12. On May 13, 2014, issues were framed in the suit. On July 16, 2014 witness action commenced. On January 27, 2015, the learned Judge hearing suits, suggested fresh issues.

13. Goutam had filed an application for injunction being GA no. 929 of 1997 wherein, a learned Judge had passed an order dated May 11, 2001, to the effect that "the defendant nos. 1 and 3 are restrained by an order of injunction from dealing with or disposing of or encumbering or dealing in any manner whatsoever or to create any further third party right in respect of premises no. 24/2 Alipore Road, Calcutta- 700 027 till disposal of the suit".
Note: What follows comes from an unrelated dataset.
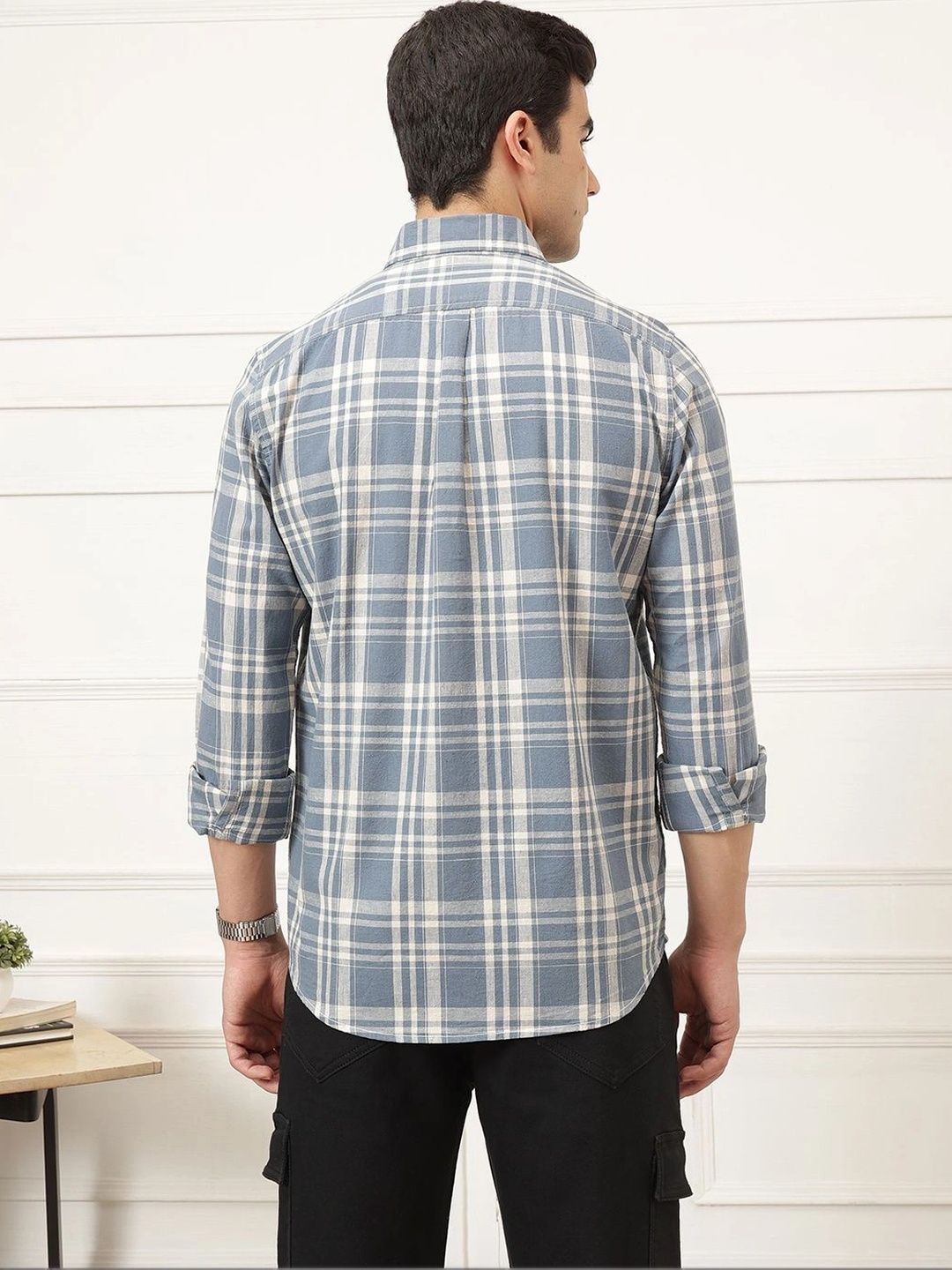 Dark Blue Premium Long Sleeves Regular Fit Tartan Checks Button-Down Collar Cotton Linen Shirt For Men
14. Alleging that in violation of such order of injunction, Binaguri was carrying out construction activities and thereby trying to change the nature and character of the suit premises, Goutam approached a learned Single Judge by filing GA no. 3835 of 2015. The learned Judge on December 17, 2015, passed a further order restraining Binaguri from carrying out any work on the roof of the suit premises save and except the work of repairing to keep the roof in good shape and condition. Binaguri had opposed such application, inter alia, on the ground that this Court has no jurisdiction to entertain the suit since the same is a suit for land. On this issue, the learned Judge observed in the order: "first, I will deal with the point of jurisdiction. This point of territorial jurisdiction has been taken by the said defendant in the written statement. It is subject to a decision at the time of trial. Appreciating the prima facie case made out by the plaintiff as recorded 7 in the order dated 11th May, 2001, Mr. Justice Banerjee passed the said order of injunction. In my opinion, appreciation of the prima facie case included prima facie appreciation of the territorial jurisdiction objection as well as the merits of the matter. Above all the said order is still in operation and must be enforced".

15. Thereafter the suit was fixed for hearing on diverse dates. However, no appreciable progress was made. In July 2019, Goutam, upon coming to know of the death of the original defendant no. 1 in the suit, filed an application for substitution of the legal heirs of the deceased defendants. In November 2021, such application was allowed.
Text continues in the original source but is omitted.